Begin at the line with "Uncemented implants, on" and output every line through the end of the records, exactly as given. Omit pictures.

======== Data to process ========

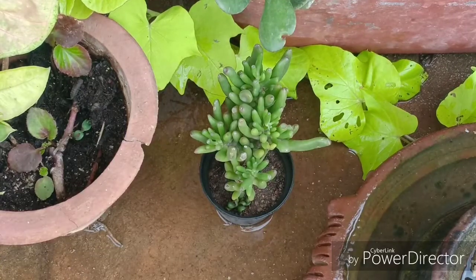Hello everyone, welcome to Urbanscape Bangalore and in this episode we will be learning about this wonderful succulent plant.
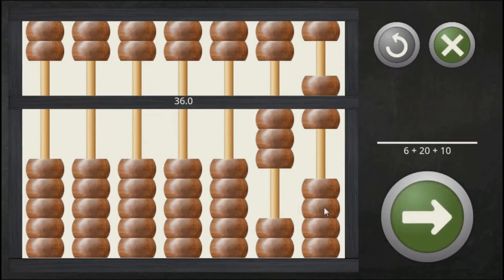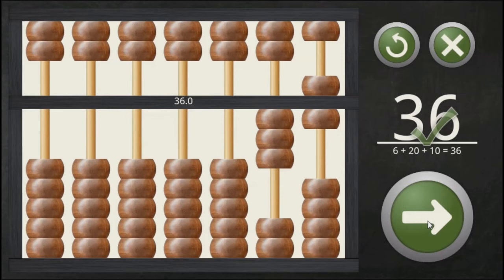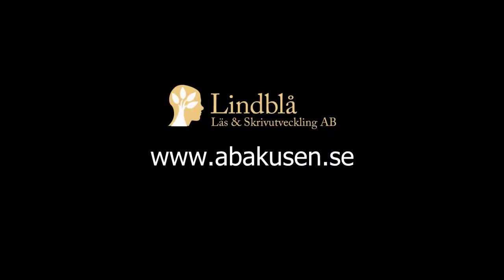If you have a physical abacus it is of course better to calculate on that than on the screen. Here you get the answer. Press the forward arrow again to get the next series of calculations, or redo the task by pressing the repetition button in the top right corner.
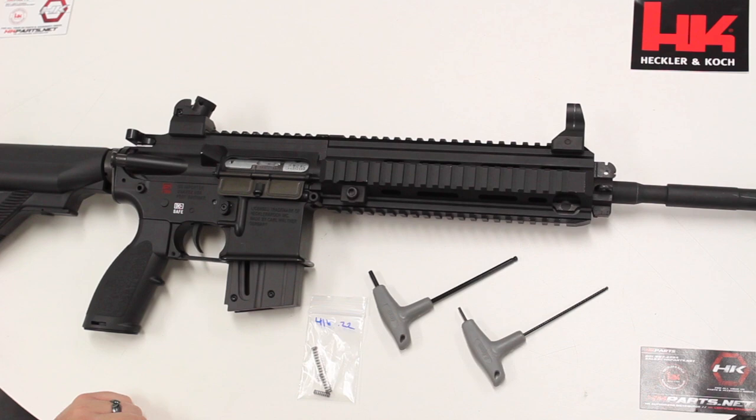In this video we are going to be replacing the stock HK416-22 springs with the HK parts 416-22 springs.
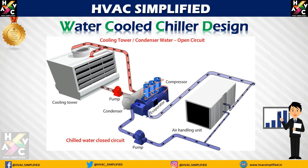As you can see in this animation, the working principle and basic working philosophy of a water-cooled chiller design: the chilled water supply to the air handling unit from the chiller is 44 degrees Fahrenheit, and the return from the air handling unit to the chiller is 54 degrees Fahrenheit. On the condenser side to the cooling tower, the condenser water supplied to the condenser will be 85 degrees Fahrenheit and the condenser water return will be 95 degrees Fahrenheit. This is a simple basic example of a water-cooled chiller design and working principle.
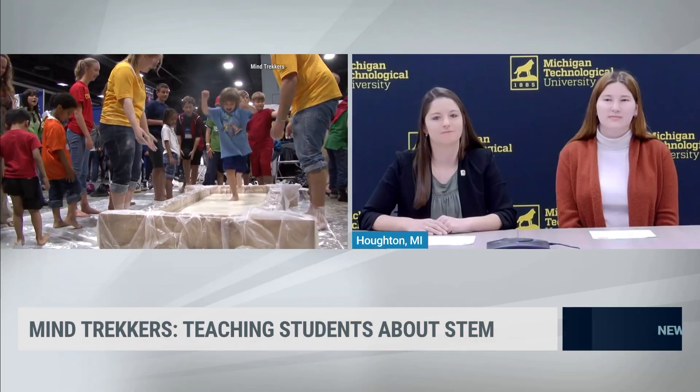The Mind Trekkers program is a college student organization here at Michigan Technological University, and we travel all over the country putting on STEM festivals, really convening communities around the idea of creating a STEM ecosystem for youth.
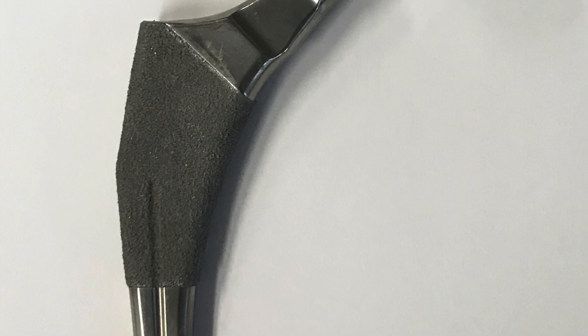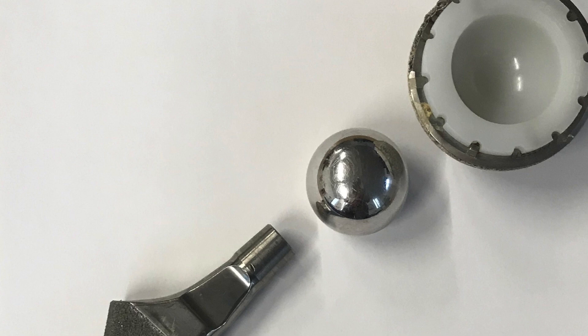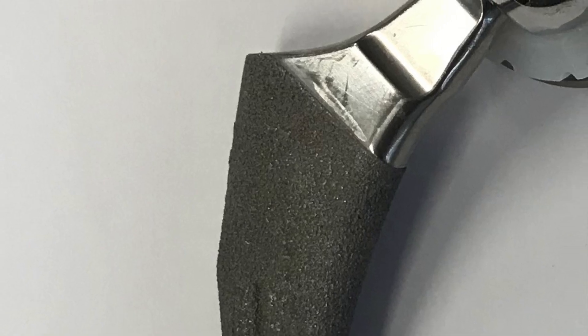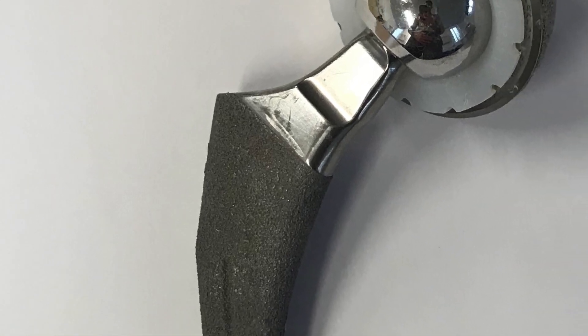Uncemented implants, on the other hand, rely on bone growing onto and into the surface of the components, so importantly the stiffness or bendiness of that material needs to be very similar to bone. For uncemented implants we commonly use a titanium stem with a titanium shell, both of which have roughened or treated surfaces. Bone loves titanium, so if we wedge in the stem and press-fit the cup, then over six to twelve weeks bone will grow onto and into the roughened surface of the titanium implant.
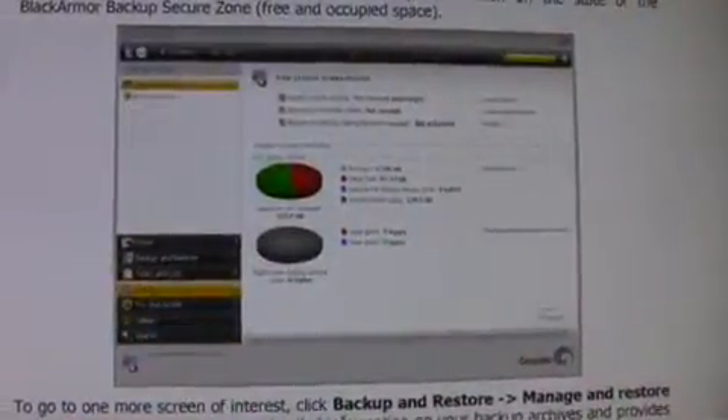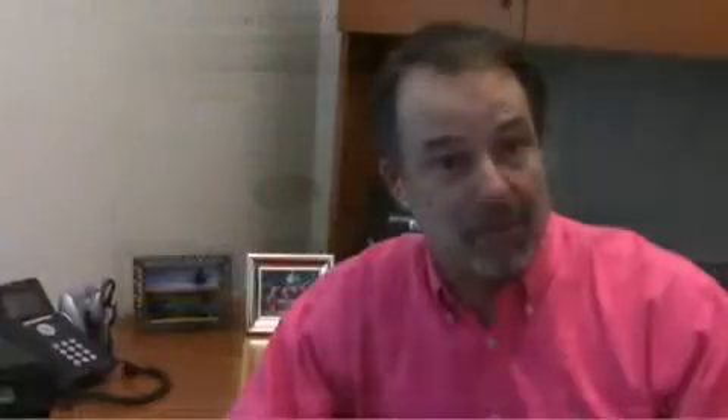We've got backup software on there for all the Windows PC machines on the network — full system level backup for the PCs on the network — and full direct attach or mounting capabilities for any Mac, Linux, or PC system on the network.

========

(Answer to this problem)
Uncemented implants, on the other hand, rely on bone growing onto and into the surface of the components, so importantly the stiffness or bendiness of that material needs to be very similar to bone. For uncemented implants we commonly use a titanium stem with a titanium shell, both of which have roughened or treated surfaces. Bone loves titanium, so if we wedge in the stem and press-fit the cup, then over six to twelve weeks bone will grow onto and into the roughened surface of the titanium implant.
We've got backup software on there for all the Windows PC machines on the network — full system level backup for the PCs on the network — and full direct attach or mounting capabilities for any Mac, Linux, or PC system on the network.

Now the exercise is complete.